Author: ludovic.arnaud

Description:
This is a proposal for replacing the current implementation of UtfNormal with a
faster one. The class is meant as a drop-in replacement and no change is
required to MediaWiki's files except for some test files relying on private
methods. (Utf8Test.php, see below)

The methods implemented are:

  • cleanup
  • toNFC
  • toNFKC
  • toNFD
  • toNFKD

To the best of my knowledge, the only functionnal difference with current
implementation is that all the methods checks for the well-formedness of input
and replace ill-formed UTF with replacement chars (on output, the original
string is always left untouched).

The code, which was developped on PHP 5.1.2 then tested on 4.4.2, passes both
UtfNormalTest.php's and Utf8Test.php's tests. I don't have access to the
utfnormal PHP extension, therefore I could only rely on original comments to
anticipate its behaviour. (see "UnicodeString constructor" in file's comments)
Note that Utf8Test.php needs to be edited in order to work with this new
implementation, so here is an informal diff:

-       $stripped = $line;
-       UtfNormal::quickisNFCVerify( $stripped );
+       $stripped = UtfNormal::toNFC( $line );

The expected performance improvement is between 5% (when using the utfnormal PHP
extension) and somewhere above 1000% (without the PHP extension) for some edge
cases involving long ASCII text and some Unicode chars whose NFC_QC property
value is "Maybe" or "No". For the record, during testing some texts (taken from
a dump of the fr wikipedia) were benchmarked at 80x the original speed. :)
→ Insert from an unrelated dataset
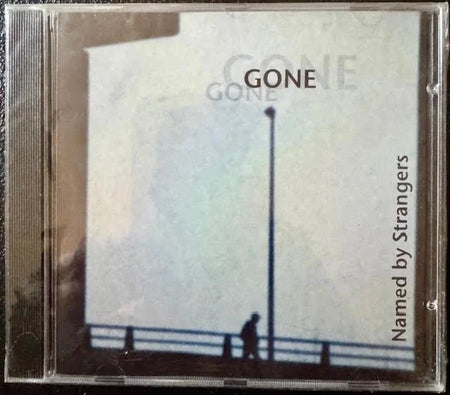 Named by Strangers – Gone (New) - Maple City Music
Note that UtfNormalGenerate.php must be run to regenerate the data files before use.

Details

Reference
bz5303

Event Timeline

bzimport raised the priority of this task from to Low.Nov 21 2014, 9:10 PM
bzimport set Reference to bz5303.
bzimport added a subscriber: Unknown Object (MLST).

ludovic.arnaud wrote:

UtfNormal.php

attachment UtfNormal.php ignored as obsolete

ludovic.arnaud wrote:

UtfNormalGenerate.php

attachment UtfNormalGenerate.php ignored as obsolete

Lost in the mists of time. :(

Will take another look over this! :D

This code still works (with very minor modifications). I've attached a patch that should apply cleanly on the 1.17 branch (and most probably on trunk too).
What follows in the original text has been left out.